Когда в конце войны Сталин стал «освобождать» страны Восточной Европы и насаждать там коммунистические марионеточные режимы, его агрессивная политика была мне тоже абсолютно ясна. Я понимал, что это хуже, чем просто агрессия: это трусливое и наглое воровство, подбирание кусков, захват того, что «плохо лежит». Однажды я сказал близкому другу, что на месте Сталина не мог бы смотреть в глаза Трумэну и Эттли – ведь он же бесчестно воспользовался тем, что союзники при всем желании не могли в 1945 году защитить Восточную Европу от русского нашествия. Друг пришел в ужас, он умолял меня никому не повторять этого и благодарить Бога, что он не предатель. Оглядевшись и проверив, плотно ли закрыта дверь, друг шепотом сказал мне, что со мною не согласен: мы понесли огромные жертвы в войне и имеем право влиять на послевоенное устройство наших соседей. Тогда я спросил его, что было бы, если бы, скажем, Англия в 1945 году решила присоединить к себе Бельгию и Голландию – англичанам не хватает территории на их островах, а защищать Бельгию и Голландию никто бы всерьез не мог.

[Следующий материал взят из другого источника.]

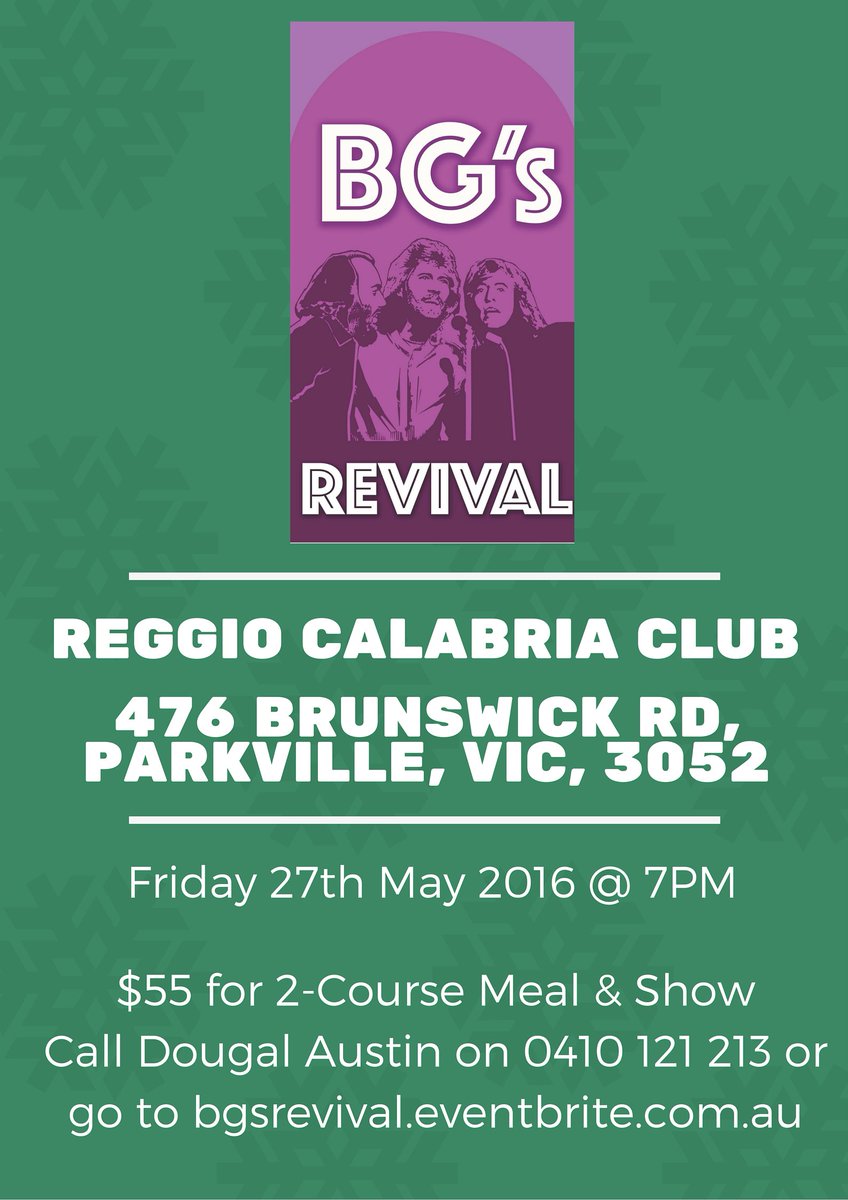 Aust's new Bee Gees Tribute Show 'BGs Revival' managed by <a href="/AustinMediaBM/">Austin Media</a> LIVE on Fri 27th May! Hurry Up &amp; Book NOW!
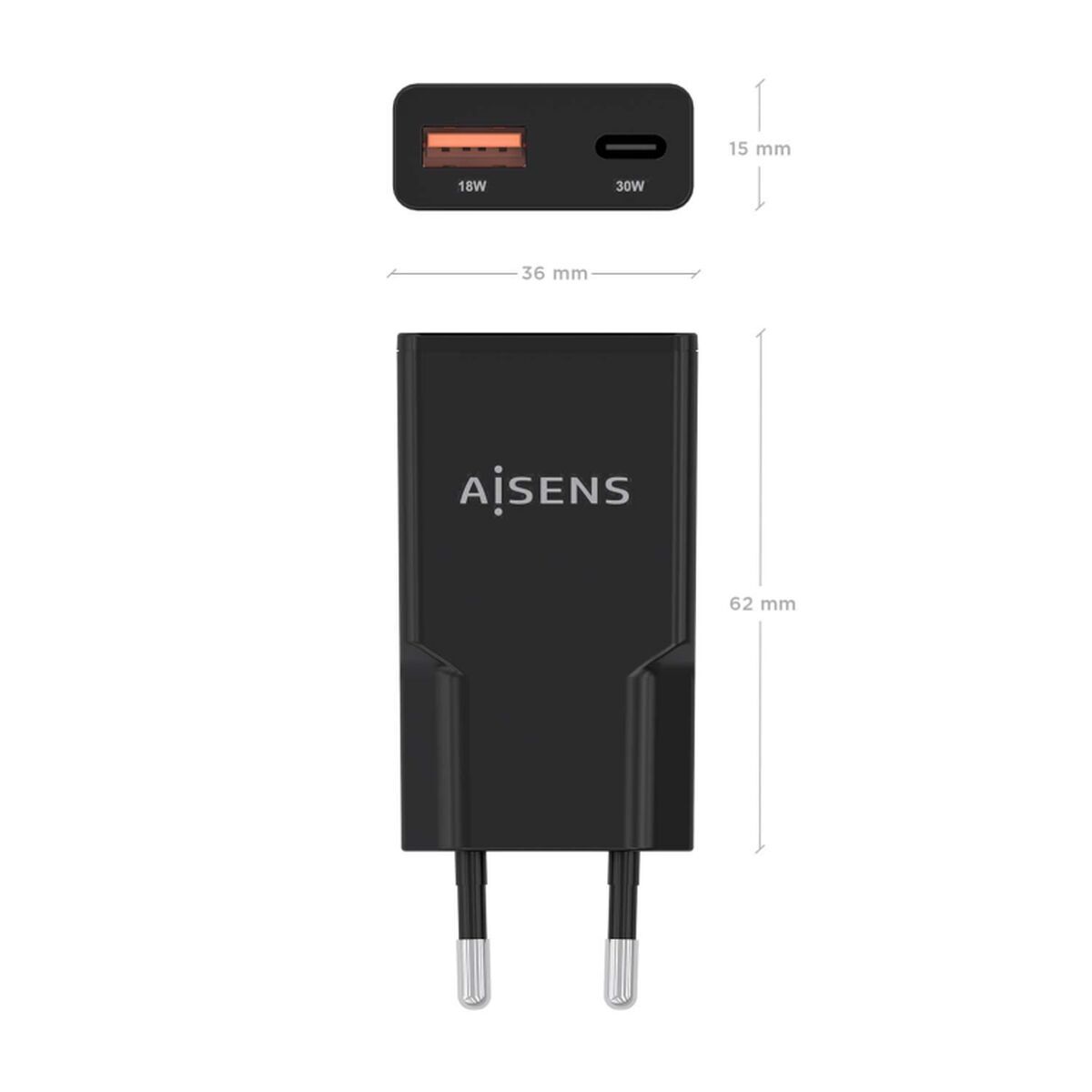 Picture of Wall Charger Aisens ASCH-30W2P047-BK Black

Как ни был напуган друг, он все-таки рассмеялся – очень уж нелепым и неестественным было мое предположение. Но потом, еще раз предупредив меня о необходимости держать язык за зубами, он ушел в задумчивости. С тех пор я много раз проверял, как понимают положение в стране и в мире мои сверстники. Вывод был печален: интеллигентные и неглупые люди либо искренне заблуждались, либо не желали думать на опасные темы, гнали от себя любую мысль, не соответствующую официальной пропаганде. Это все были честные люди, они предостерегали меня от «таких разговоров», но не доносили. Когда же в стране разразился послевоенный антисемитизм, пошли варварские гонения на писателей, я стал менее осторожным. Я спрашивал у многих людей, как они дышат в фашистской атмосфере, говорил, что мне не хватает воздуха. В те годы кое-кто стал со мною осторожно соглашаться, но и эти люди без конца просили меня молчать. Я, однако, не мог полностью следовать их добрым советам. В августе 1947 года на меня донес человек, которому я с глазу на глаз сказал, что в стране царит антисемитизм. Никто, кроме него, этих слов не слышал, а в 1947 году, в отличие от 1937, для политического ареста требовались показания двух свидетелей. Но опытные специалисты из МГБ, как тогда именовалась тайная полиция, быстро нашли выход из положения: мне устроили несложную полицейскую провокацию, и 23 августа 1947 года я был арестован как «спекулянт».